For learners, it gives them the freedom to learn at their own time and pace but also still have the ability to have interactions with the instructors and students. One of the biggest negatives I have seen with fully self-paced content is that it has taken the humanity out of learning. No instructors, no classmates, just some computer-created courses you have to click through, play games and take quizzes that don’t really scratch the surface on learning and education. Humans learn from and with other humans so this gives learners the opportunity to learn from anywhere and still have those human elements and that connection that so many love about in-person courses.
Last but not least, this does have benefits for the companies/schools as well. While it may seem like a lot upfront to set up this type of learning, once it is there it is very scalable and accessible to anyone that wants to join. No barriers on proximity. The world has become your virtual learning oyster.
A really well architected blended learning program can provide an integrated learning experience that is far more valuable than a fully online or fully in-person course.
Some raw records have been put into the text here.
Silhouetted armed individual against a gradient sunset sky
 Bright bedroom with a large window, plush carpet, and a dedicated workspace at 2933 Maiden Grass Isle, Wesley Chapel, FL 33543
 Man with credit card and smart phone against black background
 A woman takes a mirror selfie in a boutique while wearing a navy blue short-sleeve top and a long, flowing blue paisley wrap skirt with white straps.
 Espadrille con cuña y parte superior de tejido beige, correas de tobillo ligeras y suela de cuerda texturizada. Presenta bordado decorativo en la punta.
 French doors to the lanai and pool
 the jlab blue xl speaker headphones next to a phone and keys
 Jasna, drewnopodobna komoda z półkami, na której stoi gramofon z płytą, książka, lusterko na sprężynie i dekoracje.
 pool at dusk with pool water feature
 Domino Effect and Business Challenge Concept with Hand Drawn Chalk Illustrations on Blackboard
It can make the learning more approachable to a wider range of people and keep engagement, and in turn retention, higher throughout the learning process and program.
And that, at the end of the day, is the true goal of any learning program. Provide highly valuable experiences where the learners take away and cement those learnings before that forgetting gap takes it away. So hopefully what started out as “awesome! That sounds cool!!!” is now a rush of ideas on how you will be adding some of these elements to transform your programs into blended learning.